In the Thuringian-Franconian-Vogtland Slate Mountains of central Germany the diabase is entirely of Devonian age. They form typical domed landscapes, especially in the Vogtland. One geotourist attraction is the Steinerne Rose near Saalburg, a natural monument, whose present shape is due to the typical weathering of lava pillows.

===Gondwanaland and Australia===
A geological event known as the Oenpelli Dolerite intrusive event occurred about 1,720 million years ago in western Arnhem Land, in the Northern Territory, forming curved ridges of Oenpelli Dolerite stretching over 30,000 km2. Further west, on the northern coast of Arnhem Land, a "subsurface radial dyke swarm" known as Galiwinku Dolerite, taking its name from the Aboriginal name for Elcho Island, occurs on the Gove Peninsula and continues under the Arafura Sea and on Wessel Islands, including Elcho and Milingimbi Islands.

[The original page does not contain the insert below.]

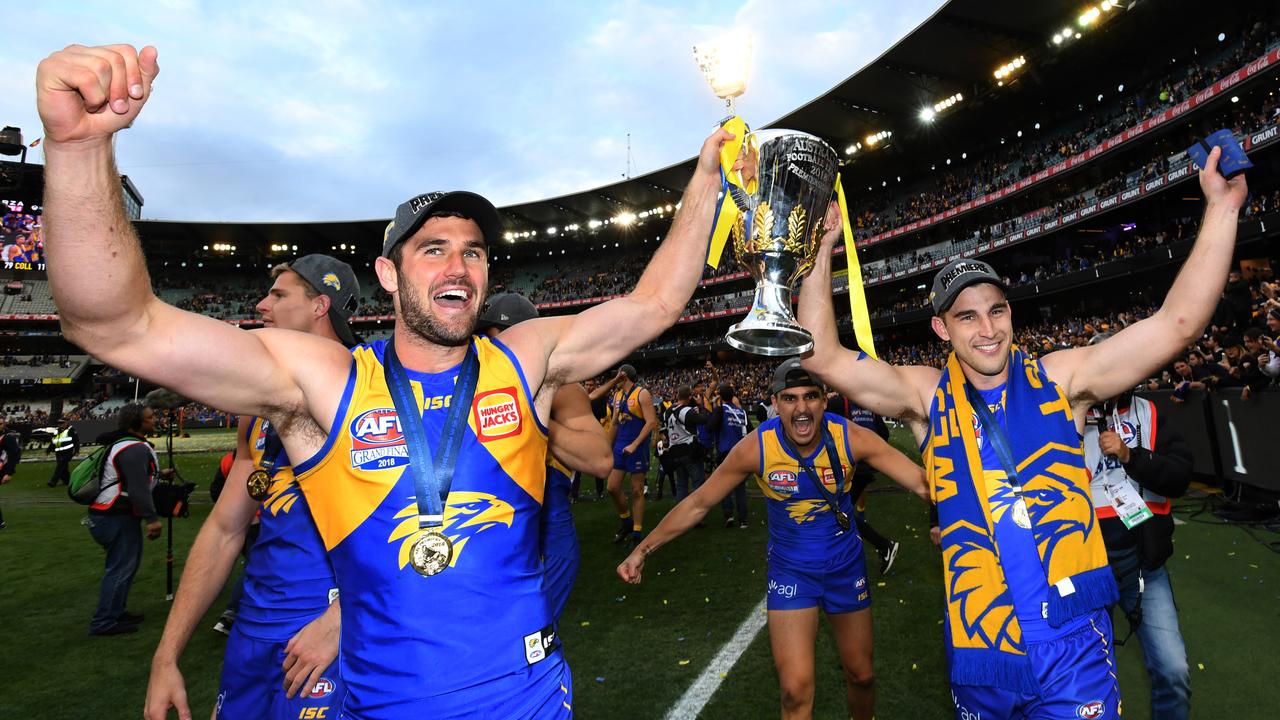Jack Darling and Elliot Yeo hold the premiership cup aloft.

In the Yilgarn craton of Western Australia, a Proterozoic 200 km long dolerite dike, the Norseman-Wiluna greenstone belt is associated with the non-alluvial gold mining area between Norseman and Kalgoorlie, which includes the largest gold mine in Australia, the Super Pit gold mine. West of the Norseman–Wiluna Belt is the Yalgoo-Singleton greenstone belt, where complex dolerite dike swarms obscure the volcaniclastic sediments. Large dolerite sills such as the Golden Mile Dolerite can exhibit coarse-grained texture, and show a large diversity in petrography and geochemistry across the width of the sill.

The vast areas of mafic volcanism/plutonism associated with the Jurassic breakup of the Gondwana supercontinent in the Southern Hemisphere include many large diabase/dolerite sills and dike swarms. These include the Karoo dolerites of South Africa, the Ferrar Dolerites of Antarctica, and the largest of these, the most extensive of all dolerite formations worldwide, are found in Tasmania. Here, the volume of magma which intruded into a thin veneer of Permian and Triassic rocks from multiple feeder sites, over a period of perhaps a million years, may have exceeded 40,000 cubic kilometres. In Tasmania, dolerite dominates much of the landscape, particularly alpine areas, with many examples of columnar jointing.

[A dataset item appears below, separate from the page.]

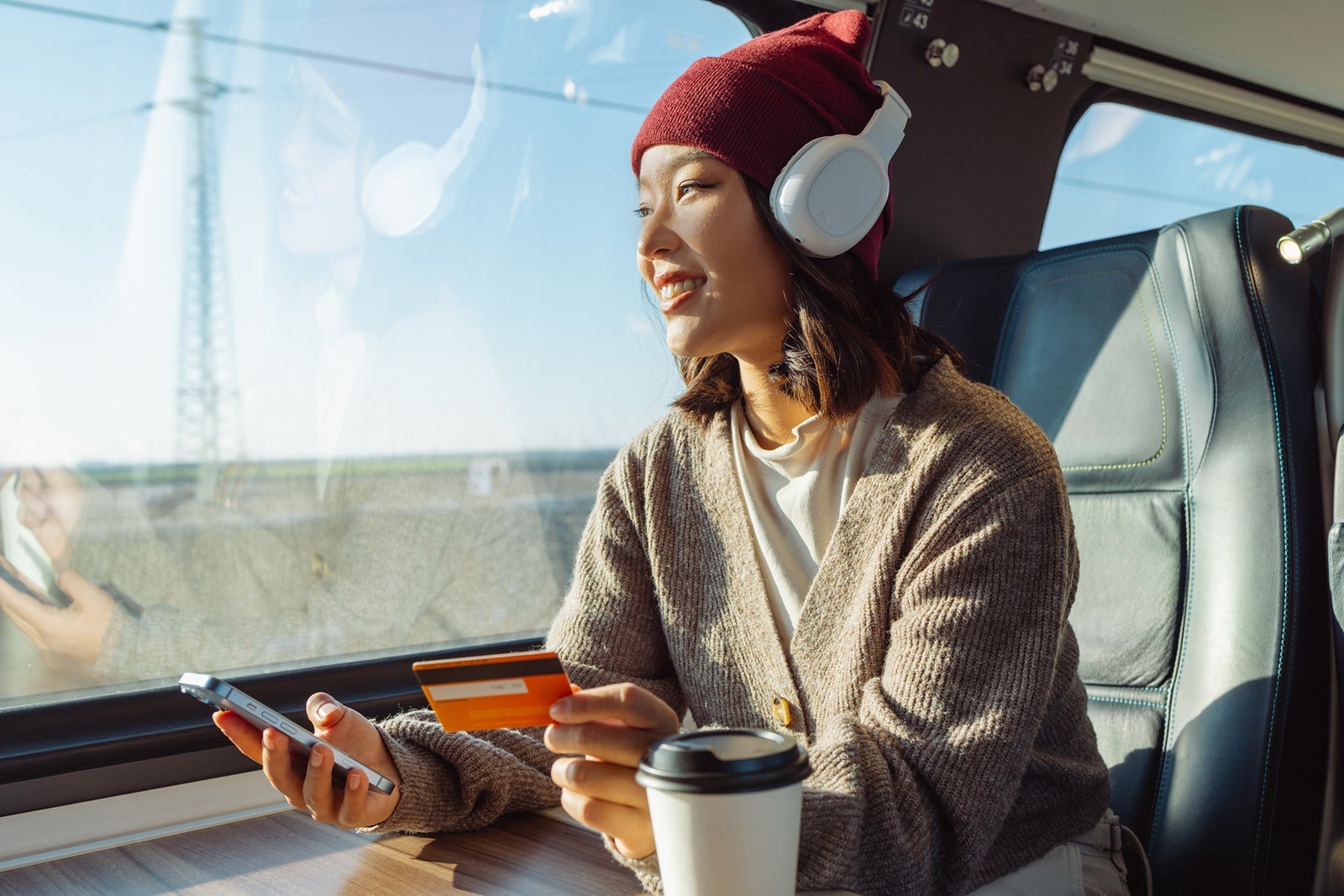 Young Asian woman using online payment services on smart phone in train. Easy paying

Early Jurassic activity resulted in the formation of dolerite intrusion in Prospect in Sydney, and quarrying of basalt for roadstone and other building materials has been an important activity there for over 180 years.

==Use==

Diabase is crushed and used as a construction aggregate for road beds, buildings, railroad beds (rail ballast), and within dams and levees.

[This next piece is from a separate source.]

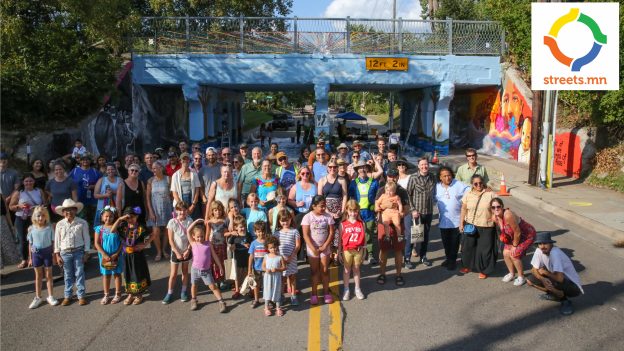 A large crowd standing in front of a bridge with a mural painted on it.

Diabase can be cut for use as headstones and memorials; the base of the Marine Corps War Memorial is made of black diabase "granite" (a commercial term, not actual granite). Diabase can also be cut for use as ornamental stone for countertops, facing stone on buildings, and paving. A form of dolerite, known as bluestone, is one of the materials used in the construction of Stonehenge.

Diabase also serves as local building stone. In Tasmania, where it is one of the most common rocks found, it is used for building, for landscaping and to erect dry-stone farm walls. In northern County Down, Northern Ireland, "dolerite" is used in buildings such as Mount Stewart together with Scrabo Sandstone as both are quarried at Scrabo Hill.

Balls of diabase were used by the ancient Egyptians as pounding tools for working softer (but still hard) stones.